The LLM Application Stack
There are 4 main stack in building an Large Language Model (LLM) based Application
- LLM Stack
- Search / Memory / Data Stack
- Reasoning and Action Stack
- Personalization Stack
LLM Stack
In this stack we focus mainly on the Large Language Models if we are using any Reinforcement Learning (RL) with Human Feedback or are we using any fine-tuning. A another key component would be if you are using any Open Source language model, how would you
- serve it?
- run in the cloud / local
- will you pay per token?
- will you pay per compute
- will you go for a 4 bit model or a low resolution model?

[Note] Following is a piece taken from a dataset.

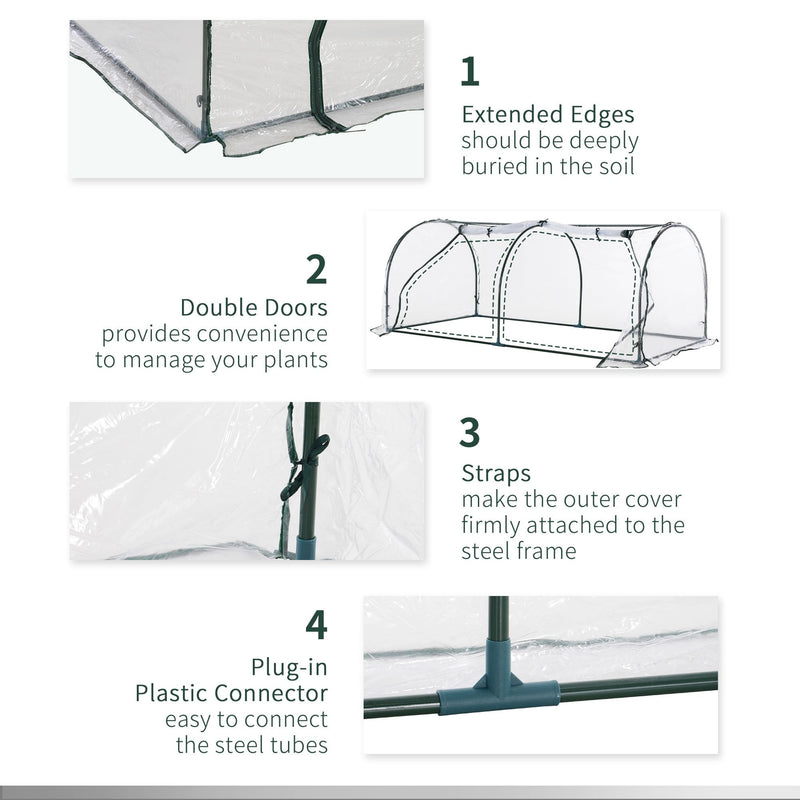 Steel Frame Transparent PVC Cover Greenhouse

Search / Memory / Data Stack
This is the stack that relates to anything data and search like
- Semantic Search
- Vector Stores
What data would you be needing for the application?
How would you inject into the Language Model
Another key part is memory for agents, where we can have some sort of memory that we can save and retrieve to pass on to the Agents
Reasoning and Action Stack
this is where we use decision making to perform certain tasks using ReAct or something like that where we make the model to take a certain decision, this stack can have the most growth.
it is important to remember that all the stacks interact with each other, when we use react, sometimes we would like to have a model that is finetuned for this use case, or have a dedicated model for decision making while having another for conversation
Personalization Stack
This is where you would use Prompt Engineering and large language models to create a personality, a brand or a relationship with the user, it could also be tuning the conversation style itself or the use the information of the user
When we are architecting a application or agents, we need to think about what tools they are going to use what reasoning are they going to use Automatic Reasoning and Tool Use (ART) are there any heuristic system the LLM can use?